Since Mesic’s death, and in the wake of the Sammy Yatim shooting in Toronto, the province announced rules that had limited the use of Tasers were changing to clear the way for individual police forces to set their own guidelines about which officers can use them.

Prior to the announcement, Ontario had restricted the use of Tasers to a select few supervising and tactical officers, setting Ontario police apart from counterparts in several other provinces and with the RCMP.

Mesic's family, alongside other families of people shot by police officers in Ontario, met with the Ontario Ombudsman Thursday. Ombudsman Andre Marin is doing a review of police use of force guidelines.

Hamilton police chief Glenn De Caire wants the Tasers and has said the service will need close to $1-million to equip and train all frontline officers. Councillors have been cool to the idea of spending any more money on policing, especially after last year’s drawn out battle over the police budget.

It is considered a vital tool in law enforcement and used properly can save lives- Hamilton police report on Tasers

But police argue in an internal report that the budget considerations have to be weighed against Tasers' potential to save lives.

"The use of CEWs is an effective less lethal option...It is considered a vital tool in law enforcement and used properly can save lives,' concludes the report.

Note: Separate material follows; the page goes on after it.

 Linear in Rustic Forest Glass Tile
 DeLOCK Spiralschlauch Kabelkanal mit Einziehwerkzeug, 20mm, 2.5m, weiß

"This initial cost must be balanced against the reality of the financial, personal and public cost of injury or death in an incident where a CEW could have been utilized."

In 2012, Hamilton police used Tasers 49 times — an increase of 112.7 per cent over the 22 incidents in 2011. But in 35 of the 49 incidents, it was deployed in “display mode” only, according to a police services board agenda.

Tasers were used 17 times to control “emotionally disturbed” or “mentally “ill” people.